Em resumo, o Tribunal considera que o Imposto do Selo sobre os títulos (verba 17.3.4 da TGIS) é um imposto indireto enquadrável na al. a) do art.º 1.º da Diretiva 7/2008; que os fundos de investimento são equiparáveis a uma sociedade de capitais para efeitos da mesma; e que os serviços de comercialização das unidades de participação, prestados pelos bancos, apresentam uma ligação estreita com as operações de emissão e de colocação em circulação de partes sociais, na aceção do artigo 5.°, n.° 2, alínea a), da Diretiva 2008/7, devendo ser considerados parte integrante de uma operação global à luz da reunião de capitais.

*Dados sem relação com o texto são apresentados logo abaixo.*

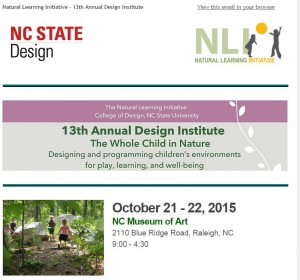 Cover photo for Natural Learning Initiative Design Institute, Raleigh NC 10/21-22/2015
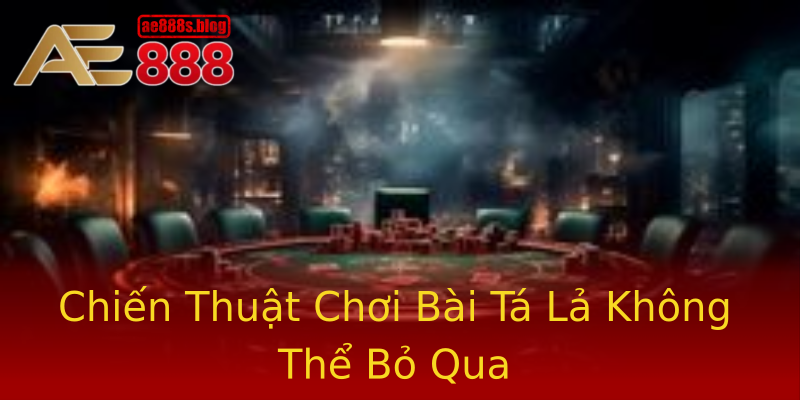 Chiến Thuật Chơi Bài Tá Lả Không Thể Bỏ Qua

Em consonância com estas assunções, o Tribunal julga, a final, que o artigo 5.°, n.º 2, alínea a), da Diretiva 7/2008 deve ser interpretado no sentido de que se opõe a uma legislação nacional que prevê a incidência de um imposto do selo sobre as comissões pagas pela entidade gestora dos fundos de investimento a bancos, pela colocação no mercado das respetivas unidades de participação.

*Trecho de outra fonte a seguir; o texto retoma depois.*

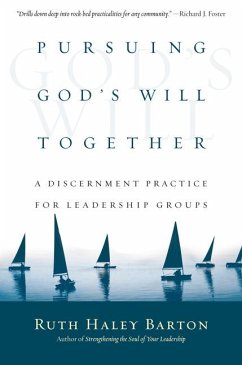 Pursuing God's Will Together - Barton, Ruth Haley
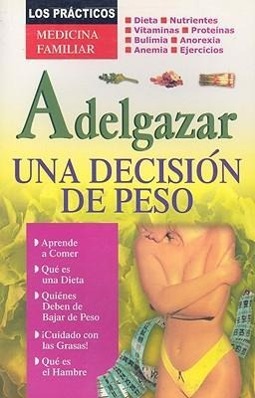 Vorderes Coverbild Adelgazar, una Decision de Peso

Sendo o caso dos presentes autos totalmente idêntico ao decidido pelo TJUE no caso C-656/21, e não vendo o Tribunal Arbitral qualquer razão para divergir do entendimento do tribunal europeu, também nestes autos se conclui que o Imposto do Selo cobrado pelo banco à Requerente sobre as “comissões de comercialização” é ilegal, por incompatibilidade com o art.º 5.º, n.º 2, al. a) da Diretiva 2008/7.

 

IV. 2. B. Quanto ao reembolso do imposto liquidado e juros indemnizatórios

 

O Requerente solicita ainda que lhe seja reconhecido o direito a juros indemnizatórios, ao abrigo do disposto no artigo 43.º da LGT. Nos termos do n.º 1 do referido artigo, serão devidos juros indemnizatórios “quando se determine, em reclamação graciosa ou impugnação judicial, que houve erro imputável aos serviços de que resulte pagamento da dívida tributária em montante superior ao legalmente devido.” Decorre, ainda, do n.º 5 do art. 24.º do RJAT que o direito aos mencionados juros pode ser reconhecido no processo arbitral.

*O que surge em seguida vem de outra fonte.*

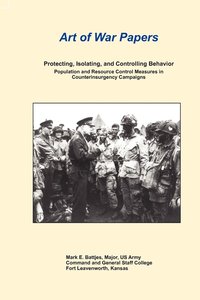 bokomslag Protecting, Isolating, and Controlling Behavior Population And Resource Control Measures in Counterinsurgency Campaigns
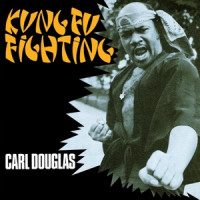 Carl Douglas - Kung Fu Fighting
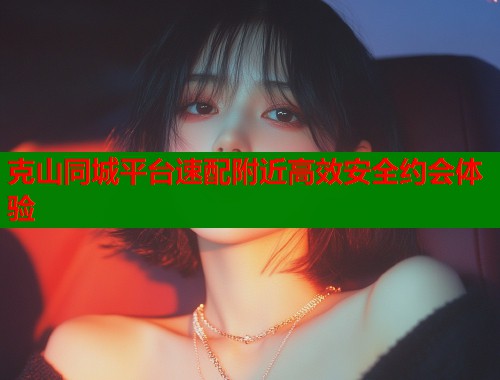 克山同城平台速配附近高效安全约会体验 第1张 克山同城平台速配附近高效安全约会体验 第1张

O direito a juros indemnizatórios a que alude a norma da LGT supra referida pressupõe que haja sido pago imposto por montante superior ao devido e que tal derive de erro, de facto ou de direito, imputável aos serviços da AT. Ora, no caso dos autos, é manifesto que, atendendo à ilegalidade dos atos impugnados, pelas razões apontadas, a Requerente efetuou o pagamento de importância indevida.

Assim sendo, reconhece-se ao Requerente o direito aos juros indemnizatórios peticionados, contados, à taxa legal, sobre o montante indevidamente cobrado, desde a data do respetivo pagamento até ao momento do efetivo reembolso (vd. artigo 43.º, n.º 1, da LGT, e artigo 61.º do CPPT).

 

   V.         DECISÃO

 

Em face do supra exposto, o Tribunal Arbitral decide:

a)    Julgar totalmente procedente o presente pedido arbitral, com as legais consequências;

b)    Condenar a Requerida ao pagamento das custas.

 

 VI.         VALOR DO PROCESSO

 

Fixa-se o valor do processo em € 179.331,02, nos termos do disposto no artigo 32.º do CPTA e no artigo 97.º-A do CPPT, aplicáveis por força do disposto no artigo 29.º, n.º 1, alíneas a) e b), do RJAT, e do artigo 3.º, n.º 2, do Regulamento de Custas nos Processos de Arbitragem Tributária (RCPAT).

VII.         CUSTAS

 

Nos termos da Tabela I anexa ao RCPAT, as custas são no valor de € 3.672,00 a pagar pela Requerida, uma vez que o pedido foi totalmente procedente, conformemente ao disposto nos artigos 12.º, n.º 2, e 22.º, n.º 4, do RJAT, e artigo 4.º, n.º 5, do RCPAT.

Notifique-se.

 

 

Lisboa, 11 de novembro de 2025

 

 

Os Árbitros,

 

 

 

(Guilherme W. d’Oliveira Martins)

 

 


(Alexandra Iglésias)

 

 

 

(Sónia Martins Reis)
 

 

 



[1] Disponível em www.dgsi.pt, tal como a restante jurisprudência citada sem menção de proveniência.